SOURCE DATA »
◇ ◇ ◇ ◇ ◇

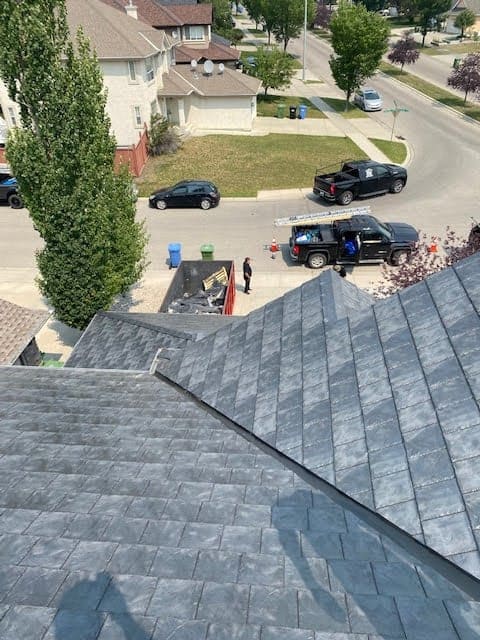 Euroshield rubber roofing installed on a steep-sloped residential roof in Calgary, showing clean lines and textured surface designed for hail resistance and long-term durability.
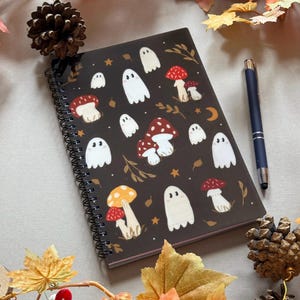 May include: A dark brown spiral-bound notebook decorated with white ghost and mushroom illustrations. A blue pen lies next to the notebook, surrounded by autumn leaves and pine cones. The design includes stars and a crescent moon.
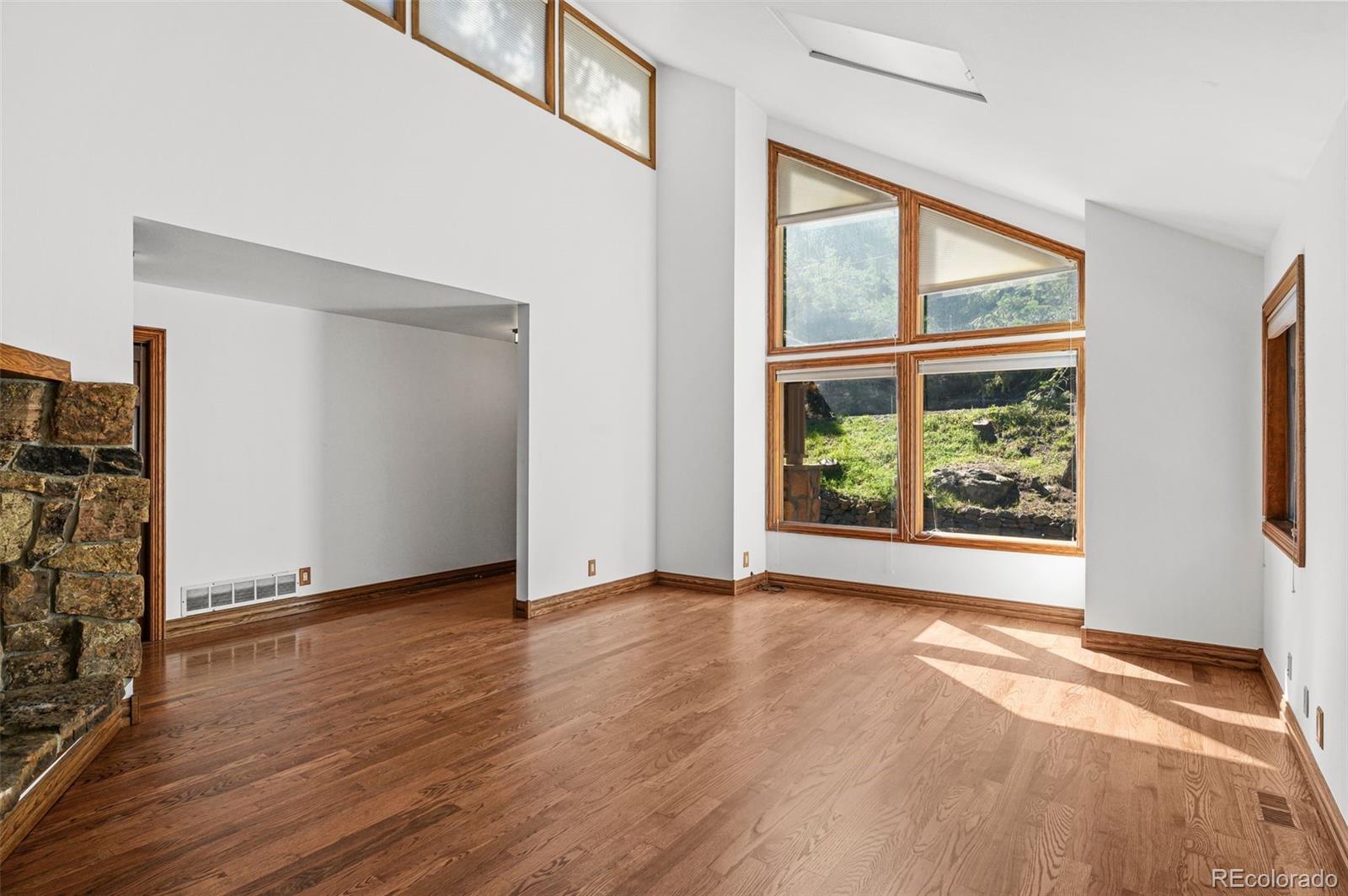 30243 Pine Crest Drive Evergreen, CO 80439 - Photo 11 of 36 a view of an empty room with wooden floor and a window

◇ ◇ ◇ ◇ ◇

BRIEF » Reproduce the full listing verbatim so that only the pictures are missing.

SOLUTION TO THE PROBLEM »
 Euroshield rubber roofing installed on a steep-sloped residential roof in Calgary, showing clean lines and textured surface designed for hail resistance and long-term durability.
 May include: A dark brown spiral-bound notebook decorated with white ghost and mushroom illustrations. A blue pen lies next to the notebook, surrounded by autumn leaves and pine cones. The design includes stars and a crescent moon.
 30243 Pine Crest Drive Evergreen, CO 80439 - Photo 11 of 36 a view of an empty room with wooden floor and a window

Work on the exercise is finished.